My God, I give Thee heartfelt thanks for all the graces and all the light Thou hast conferred on me during this meditation. Pardon me all the negligence and the distractions of which I have been guilty, and give me strength to carry out the resolutions that I have made. Fortify me, that from henceforth I may diligently practise this virtue . . . avoid this fault . . . perform this action . . . to Thy honor. Help me to do this, sweet Virgin Mary; and if I ever forget my good resolutions, I entreat my Angel Guardian to recall them to my memory. Amen.


November Devotion: The Holy Souls in Purgatory.

Virtues to practice: Charity and kindness.

Most loving Jesus, I humbly beseech Thee, that Thou Thyself wouldst offer to Thine eternal Father in behalf of the Holy Souls in purgatory, the Most Precious Blood which poured forth from the sacred wounds of Thine adorable Body, together with Thine agony and death. And do thou likewise, O sorrowful Virgin Mary, present unto Him, together with the dolorous Passion of thy dear Son, thine own sighs and tears, and all the sorrows thou didst suffer in His suffering, in order that, through the merits of the same, refreshment may be granted to the souls now suffering in the fiery torments of purgatory, so that, being delivered from that painful prison, they may be clothed with glory in heaven, there to sing the mercies of God for ever and ever. Amen.
Absolve, O Lord, the souls of all the faithful departed from every bond of sin, that with Thy gracious assistance they may deserve to escape the judgment of vengeance and enjoy the blessedness of everlasting light.
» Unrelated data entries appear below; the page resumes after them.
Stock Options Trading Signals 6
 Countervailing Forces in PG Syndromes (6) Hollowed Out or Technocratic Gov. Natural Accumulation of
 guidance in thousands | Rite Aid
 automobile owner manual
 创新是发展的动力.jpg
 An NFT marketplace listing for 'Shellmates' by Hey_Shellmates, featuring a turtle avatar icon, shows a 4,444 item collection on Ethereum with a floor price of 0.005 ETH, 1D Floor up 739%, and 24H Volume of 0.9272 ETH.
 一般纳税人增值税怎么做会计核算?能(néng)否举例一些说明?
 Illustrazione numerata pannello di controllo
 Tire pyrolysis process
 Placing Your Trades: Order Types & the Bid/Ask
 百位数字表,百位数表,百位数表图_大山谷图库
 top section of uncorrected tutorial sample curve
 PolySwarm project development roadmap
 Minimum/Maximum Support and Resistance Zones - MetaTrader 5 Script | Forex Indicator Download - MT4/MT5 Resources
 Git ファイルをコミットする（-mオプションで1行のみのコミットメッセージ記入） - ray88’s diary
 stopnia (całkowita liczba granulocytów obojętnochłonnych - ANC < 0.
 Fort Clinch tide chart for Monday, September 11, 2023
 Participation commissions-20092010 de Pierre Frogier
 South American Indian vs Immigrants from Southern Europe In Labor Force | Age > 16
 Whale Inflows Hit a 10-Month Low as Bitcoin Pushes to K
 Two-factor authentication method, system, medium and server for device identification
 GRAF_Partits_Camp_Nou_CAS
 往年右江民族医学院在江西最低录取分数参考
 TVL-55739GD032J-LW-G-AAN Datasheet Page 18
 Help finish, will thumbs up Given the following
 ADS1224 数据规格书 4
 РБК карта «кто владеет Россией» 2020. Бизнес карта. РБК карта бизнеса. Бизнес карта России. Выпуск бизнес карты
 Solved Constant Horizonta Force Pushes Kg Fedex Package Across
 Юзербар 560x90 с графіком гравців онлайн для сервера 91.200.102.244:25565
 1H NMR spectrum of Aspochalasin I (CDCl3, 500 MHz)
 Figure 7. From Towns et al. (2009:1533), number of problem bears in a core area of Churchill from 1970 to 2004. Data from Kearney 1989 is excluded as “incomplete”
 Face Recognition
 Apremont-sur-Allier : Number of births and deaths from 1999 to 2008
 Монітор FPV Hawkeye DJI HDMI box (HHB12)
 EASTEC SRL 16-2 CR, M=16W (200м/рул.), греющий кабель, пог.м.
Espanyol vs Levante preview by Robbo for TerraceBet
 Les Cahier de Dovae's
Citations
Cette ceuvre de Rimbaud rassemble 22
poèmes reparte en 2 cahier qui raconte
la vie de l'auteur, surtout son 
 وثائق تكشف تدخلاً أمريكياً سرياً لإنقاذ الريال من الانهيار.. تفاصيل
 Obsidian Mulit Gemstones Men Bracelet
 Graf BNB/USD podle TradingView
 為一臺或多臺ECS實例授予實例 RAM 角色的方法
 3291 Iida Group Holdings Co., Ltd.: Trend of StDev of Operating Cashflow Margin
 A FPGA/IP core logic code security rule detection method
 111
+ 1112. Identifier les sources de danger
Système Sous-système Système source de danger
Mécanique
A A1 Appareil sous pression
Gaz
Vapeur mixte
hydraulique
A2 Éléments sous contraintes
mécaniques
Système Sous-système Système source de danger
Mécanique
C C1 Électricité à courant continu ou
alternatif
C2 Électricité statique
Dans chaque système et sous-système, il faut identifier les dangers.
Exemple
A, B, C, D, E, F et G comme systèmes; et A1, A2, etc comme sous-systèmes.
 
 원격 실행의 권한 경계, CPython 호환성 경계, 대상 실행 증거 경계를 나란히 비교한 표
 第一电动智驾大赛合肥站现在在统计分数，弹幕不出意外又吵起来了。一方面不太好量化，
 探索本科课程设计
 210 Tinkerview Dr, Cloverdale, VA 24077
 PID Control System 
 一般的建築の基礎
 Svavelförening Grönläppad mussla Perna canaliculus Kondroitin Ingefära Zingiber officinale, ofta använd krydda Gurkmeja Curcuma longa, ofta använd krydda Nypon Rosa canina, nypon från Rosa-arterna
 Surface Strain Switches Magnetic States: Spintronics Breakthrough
V. Eternal rest grant unto them O Lord
R. And let perpetual light shine upon them.
V. From the gates of hell,
R. Deliver their souls, O Lord.
V. May they rest in peace.
R. Amen.
V. O Lord, hear my prayer.
R. And let my cry come unto Thee.

Let us pray.

O, God, the Creator and Redeemer of all the faithful; grant unto the souls of Thy servants and handmaids the remission of all their sins: that through our devout supplications they may obtain the pardon they have always desired. Who livest and reignest world without end. Amen.
Eternal rest, etc.

An indulgence of 3 years. A plenary indulgence on the usual conditions, if these prayers are said daily for a month (S. C. md., Sept. 15, 1888; S. P. Ap., April 25, 1934).